Well, as I understand it, dual channel capability means that your motherboard can access two sticks of RAM at the same time, instead of one at a time, thereby raising RAM performance. Your MB has to be able to go dual channel, though.

Well, that's how I understand it, anyway...
 
Aslong as you have a motherboard that supports dual-channel RAM and you're using more than one stick of RAM you can run in dual-channel. So (given that your mobo supports it) either one of your RAM choices will allow you to utilize dual-channel.
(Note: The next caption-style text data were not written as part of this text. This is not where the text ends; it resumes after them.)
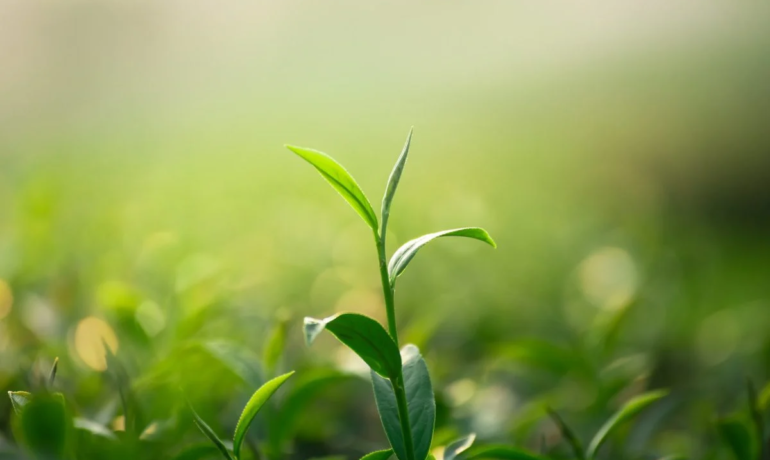Olejek z drzewa herbacianego i jego właściwości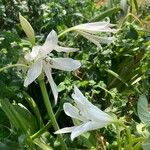 Crinum moorei Flower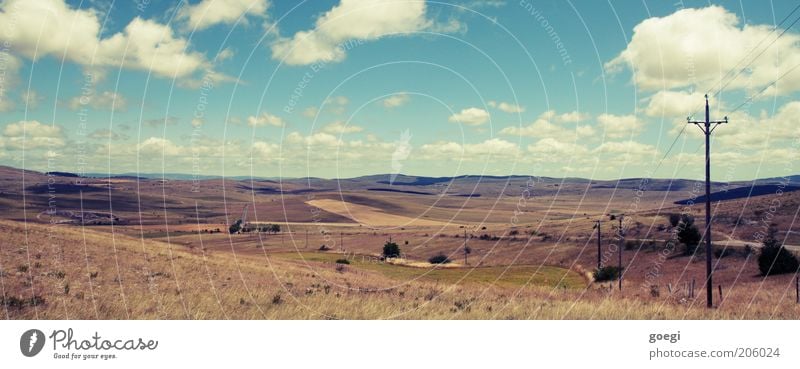 landscape Telegraph pole Electricity pylon Cable Landscape Earth Sky Clouds Horizon Summer Beautiful weather Drought Grass Bushes Hill Street Lanes & trails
Besides that, running in dual-channel will give you a minimal performace increase.
 
Actually, if i got a third stick it automatically disables the dual channel. I'm just wondering which would give me more bang for my buck.
 
Do not get 3 sticks of 512mb because:
1) no dual channel.
some systems thrive on it and need it for top performance (P4) while it offers others a nice boost (Athlon)
2) more than 4 banks of ram will slow your system down (2x512=4banks)
Link
 
I read that if you have two of the exact same types of ram, same speeds and company, you can effectively make them dual channeled, is this true?
 
I believe so, I discovered Dual-Channel by accident when I took out a faulty stick of samsung RAM, leaving two identical PC2700 TwinMOS sticks there. Sure I only have 1Gig now, but it's not like I needed the other 0.5 anyway...
 
ok i have a question asus......are they saying on that link that having 2 pairs of dual channel might be slower than one?

btw my specs for the rest are:
Asus P4P800 Deluxe Mobo
P4 2.6c HT
9800pro 128mb
Western Digital 10000 rpm 36gig SATA

i just have to pick up the hard drive and the ram and i'm done

RandomPing -yes that is true.
 
More than 4 banks period. Banks are not physical sticks of memory but how the memory is grouped on a or across multiple chips.

Long ago when RAM sticks came in very small sizes, there may only be half a bank on a stick and there may have been up to 4 sticks in a PC just to get a bank of ram (need at least 1 bank to run a PC).
Today, a 512mb stick has 2 banks. Go figure.

Doesn't matter if it's dual channel or not for the latency issue on P4s and speed issue on Athlon XP/64's unless they use buffered memory (Opteron/A64 FX 51/Xeons).